[Stored items]
⟨
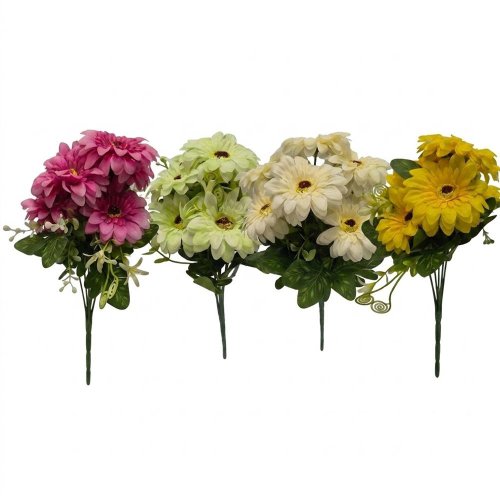 Kytica gerbera, zeleň mix/4f 27cm - Umelé kvety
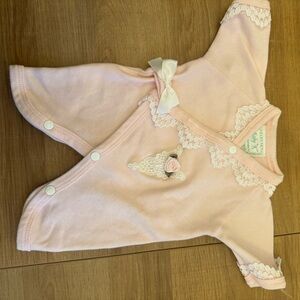Pink Baby Onesie with Lace and Bow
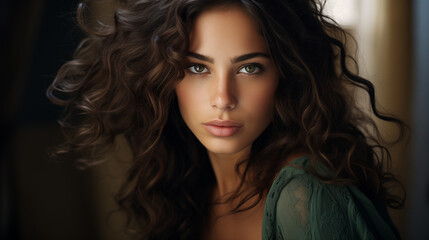 Fototapeta premium beautiful young woman with green or blue eyes and curly dark hair. portrait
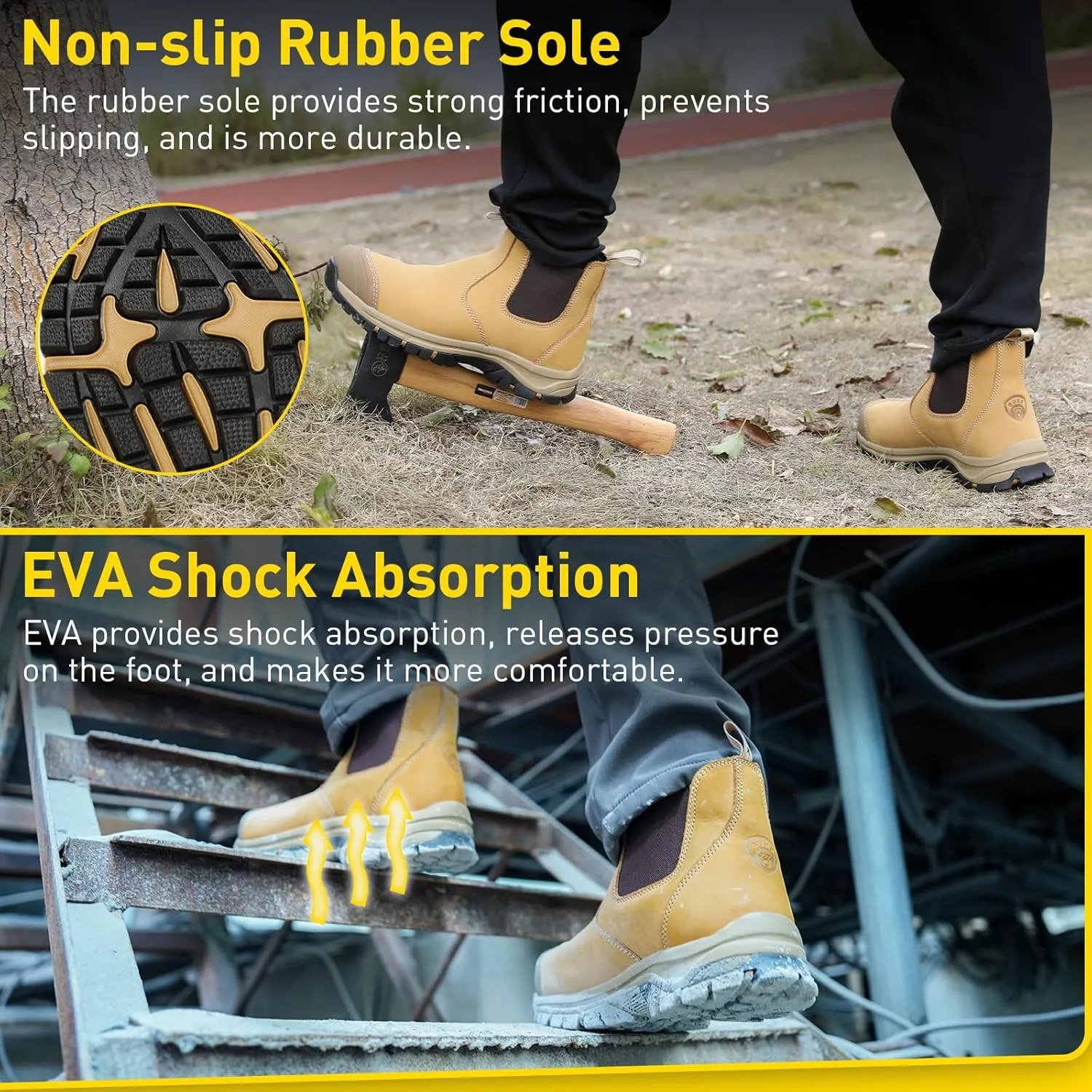 OUXX Steel Toe Chelsea Work Boots for Men – Slip-On Safety Boot, Waterproof Leather, Slip-Resistant Sole, Kevlar Puncture-Proof Midsole, ASTM F2413-18 EH Rated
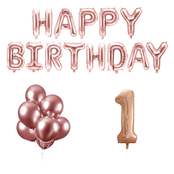 1 jaar Verjaardag Versiering Ballon Pakket rosé goud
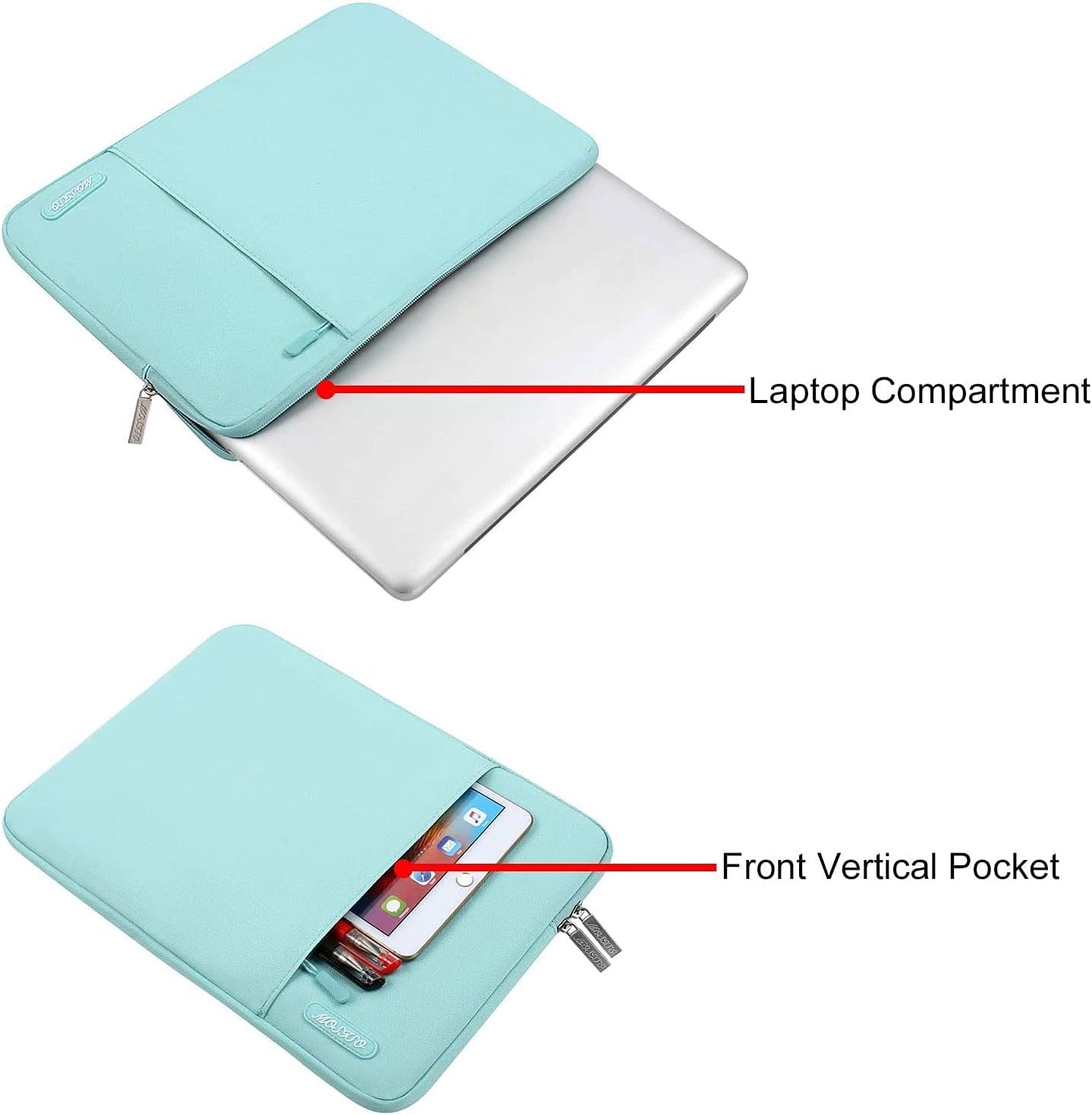 MOSISO Laptop Case 15 inch, 15 inch Laptop Sleeve Compatible with MacBook Air M5 A3448 M4 A3241 M3 A3114 M2 A2941 2026-2023, Dell XPS, Polyester Vertical Computer Sleeve Bag with Pocket, Black - Colors A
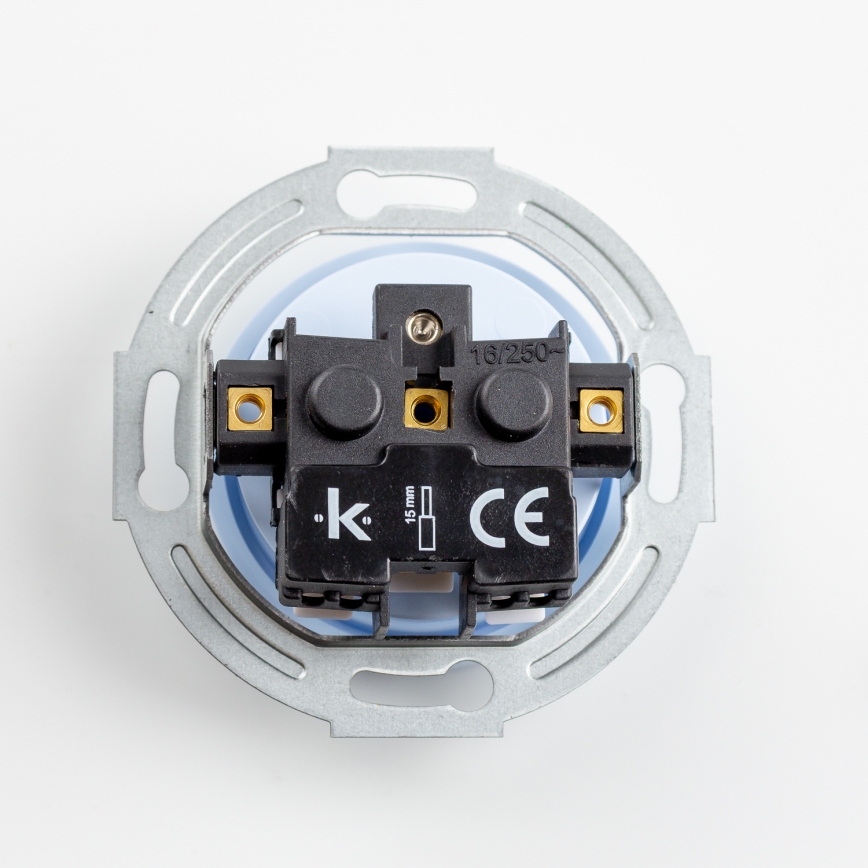 Kliklap - Τριπλή ρετρό οικιακή πρίζα με πλαίσιο, 230V, μπλε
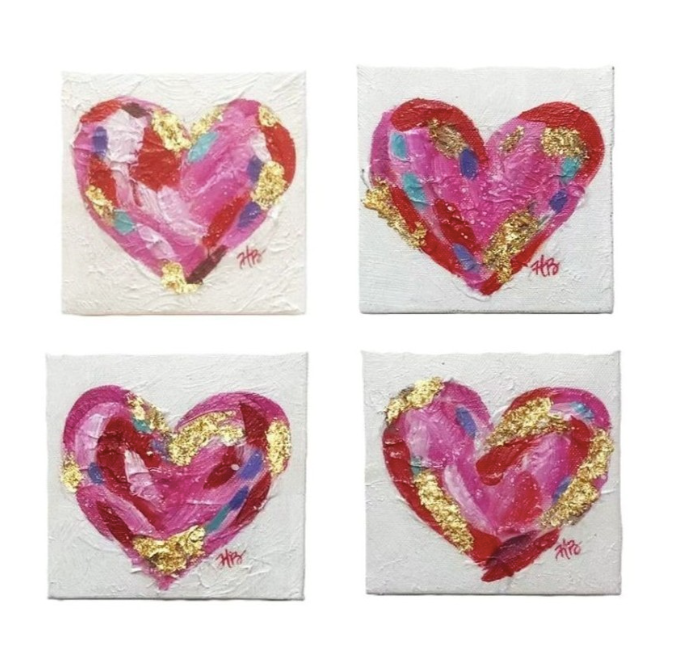 Canvas Heart Table Sign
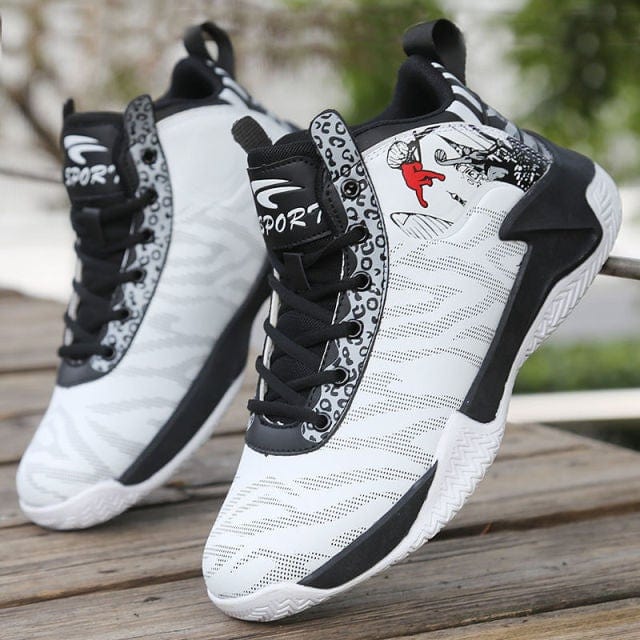 Men's High-Top Leather Cushioned Basketball Training Shoes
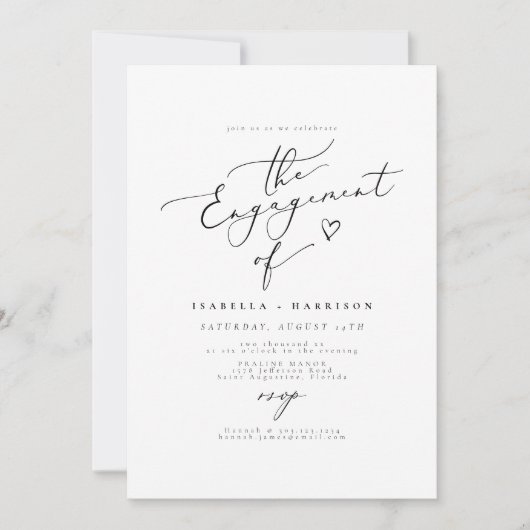 Invitation EVELYN Elegant Calligraphie Script Engagement Part (Devant)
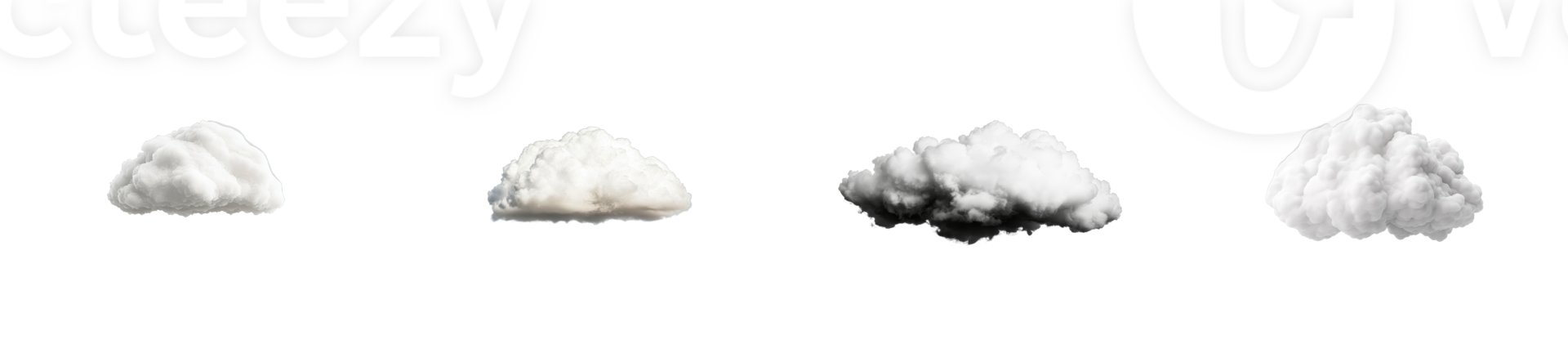 Fluffy cloud formations floating, white cloudscape isolated, cut out transparent png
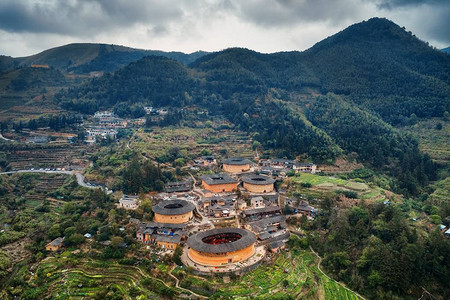 Tulou的空中景象图片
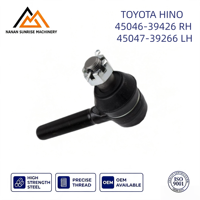 Rotule de direction robuste pour camion Toyota DYNA / HINO DUTRO – Extrémité de biellette de direction 45046-39426 RH 45047-39266 LH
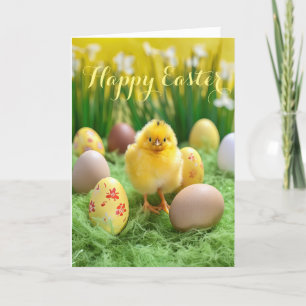 Carte de vacances Pâques Cute Little Chick and Oeu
⟩
EXERCISE DIRECTIONS:
Exactly as written, reproduce the lines from the one containing "Tulou的空中景象图片" through the last line of the entries above, and leave every picture out.

RESPONSE TO THE TASK:
 Tulou的空中景象图片
 Rotule de direction robuste pour camion Toyota DYNA / HINO DUTRO – Extrémité de biellette de direction 45046-39426 RH 45047-39266 LH
 Carte de vacances Pâques Cute Little Chick and Oeu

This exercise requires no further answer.